The rotor for this actuator is made by pre-forming the coils and bonding them together at their edges with epoxy resin. The upper horizontal (non-active) limbs of this cylindrical coil structure are then bonded to the outer rim of a partial former. The former consists of an end cap, to which the coils are bonded, and a number of broad finger-like tabs, depending from the cap. These tabs locate exactly in the central apertures of the loop coils to provide additional support. However, they also increase the weight and moment of inertia of the rotor.
An alternative method of manufacture comprising injection moulding the former around the coil structure to encapsulate it is also briefly suggested. However, this has subsequently proved difficult to achieve in practice because of the somewhat complex shape of the partial former and also because of the difficulty of preventing damage to or disturbance of the termination wires of each coil under mould pressures and temperatures.
In U.S. Pat. No. 4,107,587 (Ban et al), entitled "Three phase DC motor having non-superimposed armature coils", there is shown one embodiment (FIGS. 9a and 9b) of such a motor having a rotor of somewhat similar structure to that of European application 31876-Al. Again several loop coils of rectangular plan but arcuate profile are arranged in a cylindrical manner as part of a cup-shaped armature or rotor.
However one difference between this rotor and that of U.S. Pat. No. 4,398,167 is that the coils are spaced slightly apart. A further major difference lies in the support structure for the coils, which are said to be "moulded with plastic into an armature". No details of the moulding process are given but the plastics material extends around the coil peripheries and also forms a disk shaped end cap for the armature. The plastics material also fills the central apertures of the loop coils thereby increasing the armature inertia. The electrical termination of the loop coils of U.S. Pat.
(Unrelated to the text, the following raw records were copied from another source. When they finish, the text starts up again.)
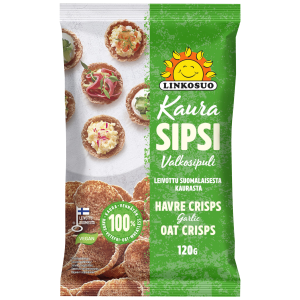 Linkosuo Kaerakrõps 120g küüslaugu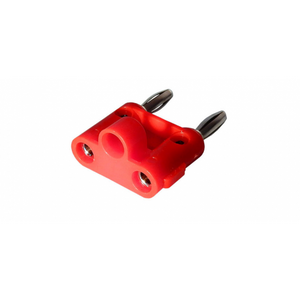 DUAL STACKING BANANA PLUG, RED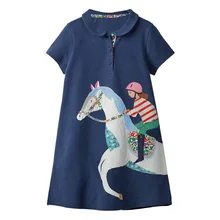 Летнее платье для девочек; хлопковое платье принцессы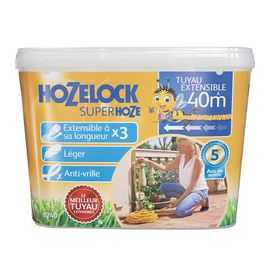 Tuyau d'arrosage avec raccord HOZELOCK Superhoze L.40 m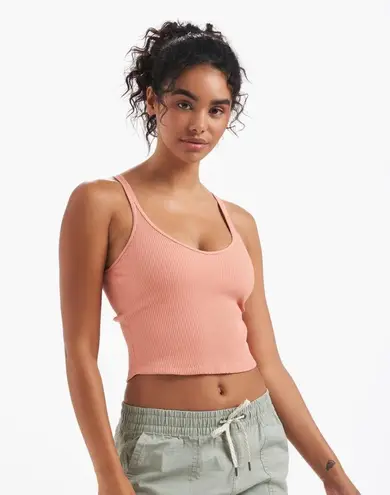 Vuori rib Crop Tank size medium light cinnamon color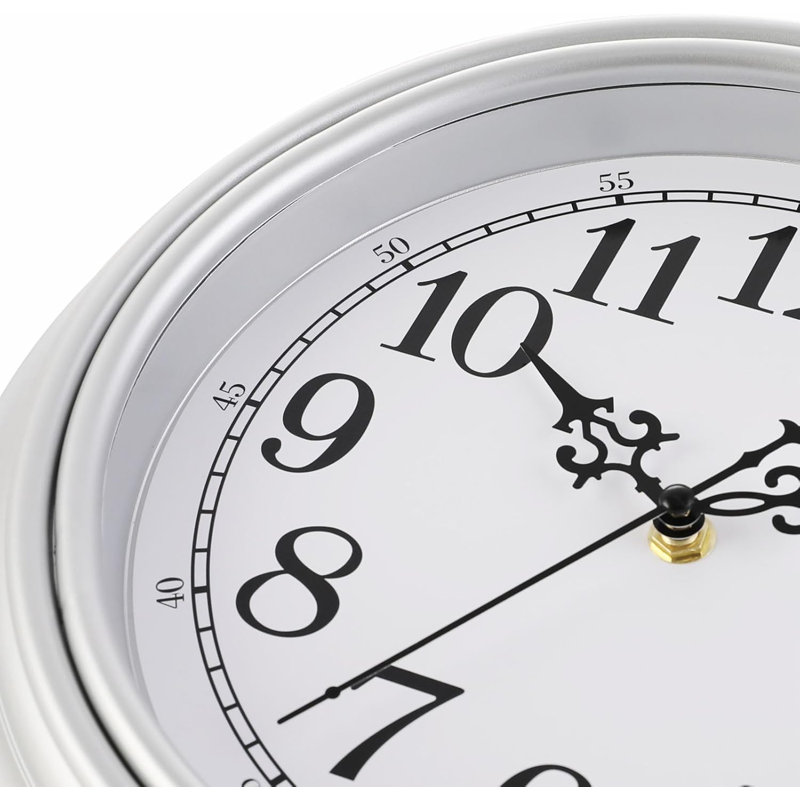Wall Clock, Silver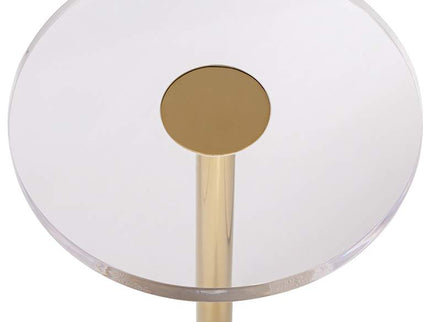 Caldwell 11 3/4" Wide High Shining Gold Round Side Table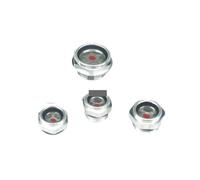 BIRXPMOS 1PC M33x1.5 Male Aluminum Oil Level Sight Glass Window Hex Head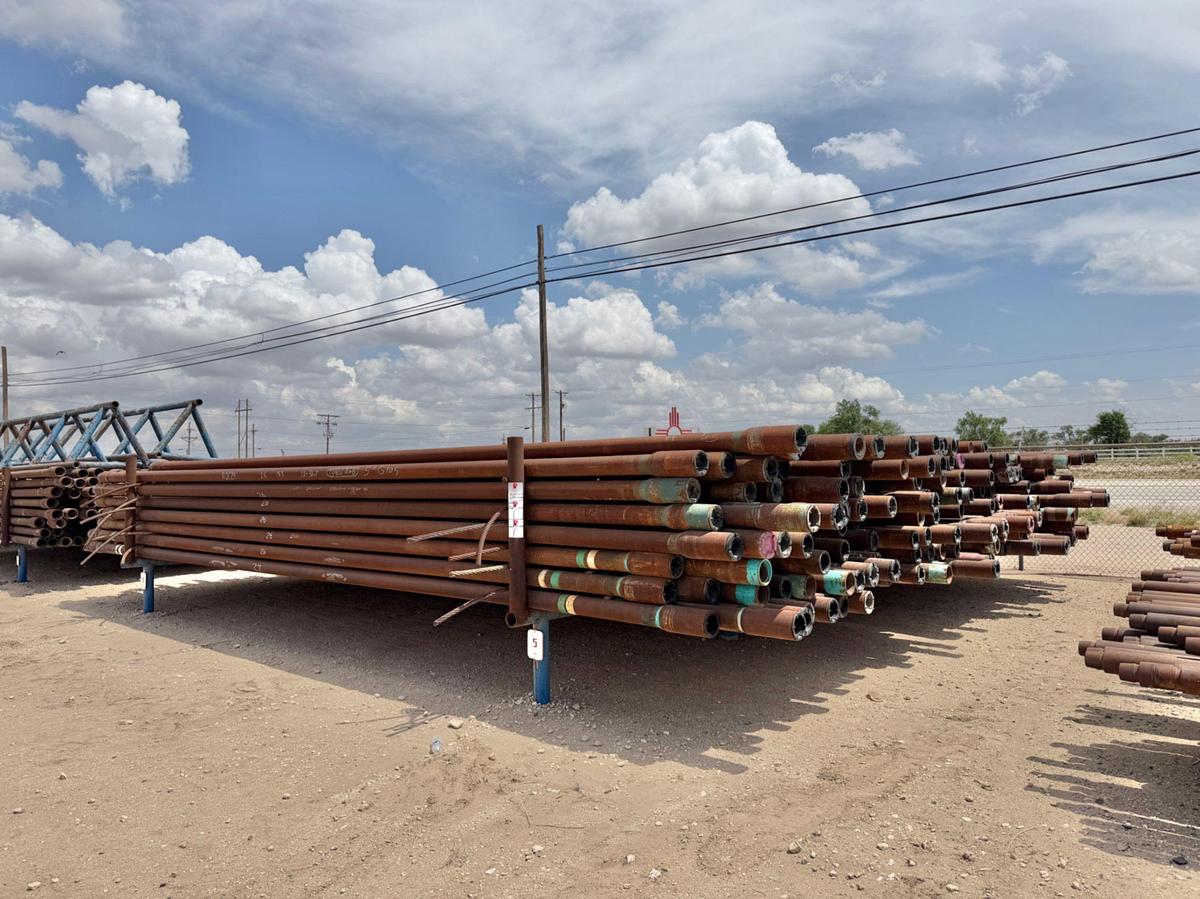 Used (52x$) Jts. Of 5” G-105 R2 Drill Pipe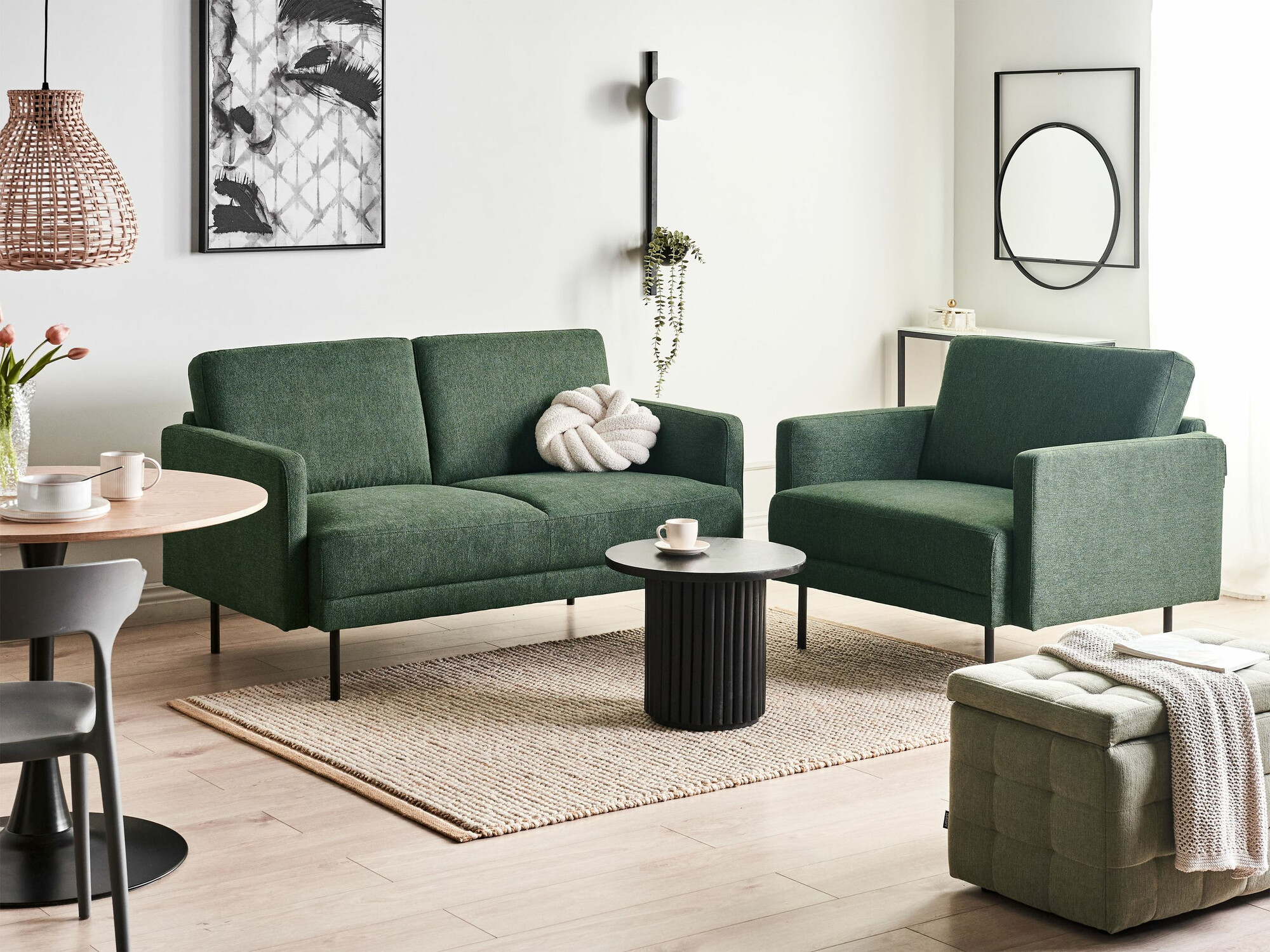 Kauč Salmono 103 (Tamnozelena)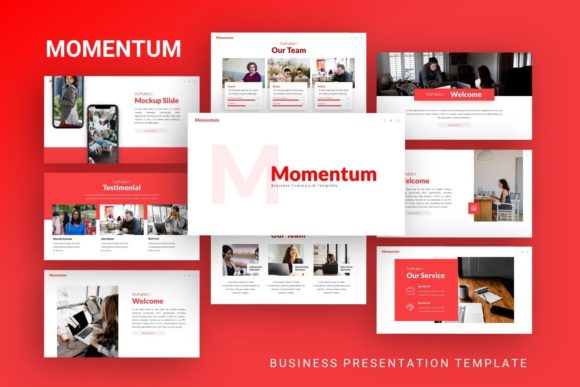 Evaluating Presentation Template - Momentum for Professional Use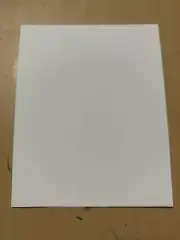 8x10 Inch Flat White Canvas Panel For Oil And Acrylic Paints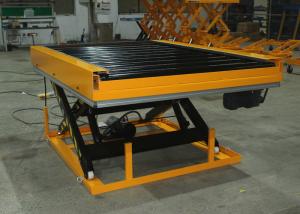 Quality Conveyer Electric Roller Lift Table Cart 400kg Capacity 1000×2200mm wholesale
No. 4,107,587 is inconvenient in that one end is at the periphery of the coil and the other is within the central aperture. It is not clear how these coil ends would be protected from disturbance and damage if pressure moulding were employed.
Reference is also made to Japanese published patent application 57-75542(A) for "Coil assembly of rotary machine and manufacture thereof". In this application a plurality of flat rectangular coils with rectangular holes at the center and arc sections are arranged cylindrically avoiding their overlapping each other. To arrange the coils cylindrically, an auxiliary member is provided with struts around a ring and the rectangular holes are engaged with convex projections on the struts. The auxiliary member and the coils are next arranged in a metal mold filled with resin to produce a unified coil assembly. No mention appears to be made of the termination of the coils and the protection of the termination during the moulding process.
Reference is also made to Japanese published patent application 55-166448(A) for "Stator for flat type brushless motor". This shows the manufacture of a discoidal rotor by moulding a number of coplanar flat coils into a disk of resin. A moulded terminal lead-out portion is provided on the bottom of each coil, the actual wires being picked out through lead-out holes in the bottom of the mould.